Nim disambiguates by overload resolution (see `ffi/internal/ffi_macro.nim`, the
note at the `cExportProcName` definition). Most items below build on this: the
same source can serve an in-process Nim caller and a foreign caller over the C
ABI, choosing the transport per call site.
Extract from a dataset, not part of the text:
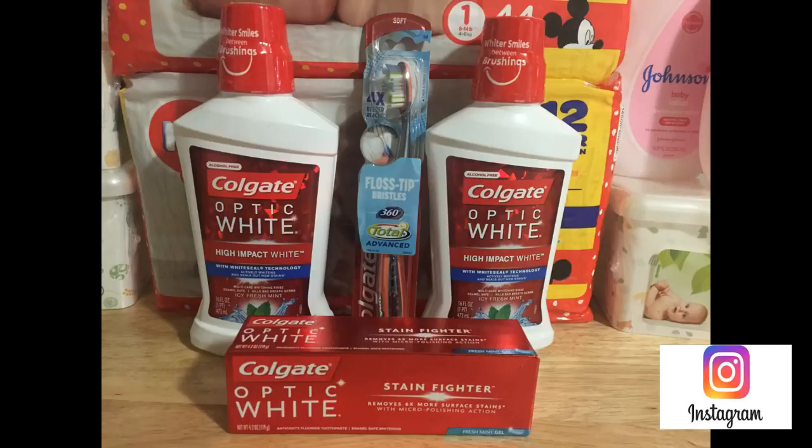I actually got all of this Colgate for free. They are part of three separate deals. Starting with the Optic White toothpaste — on sale this week for $3.50. Use the $2.50 instant coupon printing for everyone at the Redbox machine, then use a $1 coupon from today's Sunday paper Smart Source insert. That brings it from $3.50 down to zero — completely free.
## Roadmap (priority order)
### 1. Typed bidirectional calls — host-provided functions the Nim side can `await` ⬅ in progress
Today data flows lib → host as events (raw/CBOR). The inverse is missing: a Nim
`{.ffi.}` proc calling **back into** the host language for typed data and
awaiting the result — the "a lower layer needs to read from a higher one" case
(logos-delivery issue #3865). A `{.ffiHost.}`-style annotation turns a
bodyless typed Nim proc into a call that marshals to a host-registered function
pointer and resolves a chronos `Future` when the host calls back. Reuses the
event machinery (registry + `ThreadSignalPtr` bridging into chronos). This is
the feature that changes what people can *build* with nim-ffi.
### 2. Richer error model than `string`
`Result[T, string]` crosses today. Allow `Result[T, E]` where `E` is a typed
`{.ffi.}` struct, so every language surfaces structured errors (codes, fields)
instead of parsing text. Small change to the macro's return handling.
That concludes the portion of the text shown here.